Dr. Nihat Dipova paylaştı. Hem de aylar önce…
3,5 Ay önce yapılan paylaşımda “AVLAN TARLASI” başlığını kullandı haklı olarak. Çünkü ortada bir
göl kalmamış ve kuruyan göl yatağı arazi olarak kullanıma açılmıştı…
Nasıl mı? Gelin Hoca’nın kaleminden okuyalım…
“1984 tarihli Landsat
uydu görüntüsü tarihte kalan ve unutmak istediğimiz bir gerçeği hatırlattı
bizlere. 1970'lerin sonunda (1978’de tamamlanmış bildiğim kadarıyla)

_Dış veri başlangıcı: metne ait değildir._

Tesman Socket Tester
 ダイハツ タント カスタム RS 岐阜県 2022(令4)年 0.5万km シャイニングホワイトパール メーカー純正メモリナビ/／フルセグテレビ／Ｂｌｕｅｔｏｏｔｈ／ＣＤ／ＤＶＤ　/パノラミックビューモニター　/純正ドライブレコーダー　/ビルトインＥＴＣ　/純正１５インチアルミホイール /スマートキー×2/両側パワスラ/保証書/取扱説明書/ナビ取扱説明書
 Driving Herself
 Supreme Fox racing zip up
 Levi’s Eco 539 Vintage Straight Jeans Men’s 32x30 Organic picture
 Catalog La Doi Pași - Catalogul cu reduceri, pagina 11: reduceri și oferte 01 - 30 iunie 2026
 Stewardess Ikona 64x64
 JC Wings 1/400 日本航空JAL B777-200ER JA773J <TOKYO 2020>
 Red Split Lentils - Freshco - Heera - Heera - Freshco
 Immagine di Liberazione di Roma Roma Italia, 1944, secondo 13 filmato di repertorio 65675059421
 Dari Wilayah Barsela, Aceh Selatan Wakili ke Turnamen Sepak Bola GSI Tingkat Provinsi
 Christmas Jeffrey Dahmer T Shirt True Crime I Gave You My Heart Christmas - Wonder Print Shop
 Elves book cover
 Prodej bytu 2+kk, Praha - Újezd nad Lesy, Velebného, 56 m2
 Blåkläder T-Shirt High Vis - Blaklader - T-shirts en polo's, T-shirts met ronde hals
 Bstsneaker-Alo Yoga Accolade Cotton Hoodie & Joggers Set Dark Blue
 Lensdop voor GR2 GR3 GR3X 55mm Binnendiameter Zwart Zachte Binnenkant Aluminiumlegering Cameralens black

kurutulduktan sonra AVLAN GÖLÜ ARAZİSİ parsellenip Göltarla ve Karamık
köylülerine ekmeleri için kiraya verilmiş.
SÖZ UÇAR BELGE KALIR
Avlan Gölü'nü
hatırlayalım ki, YAMANSAZ SULAK ALANI için dersimizi çalışmış olalım.
YAMANSAZ SULAK ALANI
ARSA DEĞİLDİR !”
Şimdi Hoca hem yaşana
dramı paylaşmış hem de yaşanması muhtemel drama dikkat çekmiş. Ama gelin görün
ki gören, duyan, haberdar olan onca insan kör, sağır, dilsiz…
Lal olmuş dilleri…
Olsun varsı biz işimize bakalım…
Bakın durumu Jeoloji
Mühendisleri Odası Antalya Şube Başkanı Ali Çeltik de çok güzel bir şekilde
açıklamış ve uyarmış…
Bundan yaklaşık 60 yıl önce sıtma yayan sivrisineklerden kurtulmak
ve tarım alanı açmak için Avlan Gölü’ne gelen su, kurutma kanallarıyla dağın
içerisine gönderildi…
Şimdi Başkan’ı ve uzmanları dinleyip o suyu tekrar Avlan’a
salmalıyız…
Gölü ve ekosistemi canlandırmak mümkün…
Üstelik suyun bir kısmı tarıma ayrılabilir, yer altı suları
beslenebilir…
Tarıma yapacak yer
bulmak mümkün ama gölü kaybetmenin etkilerini anlatmaya gerek yok sanırım…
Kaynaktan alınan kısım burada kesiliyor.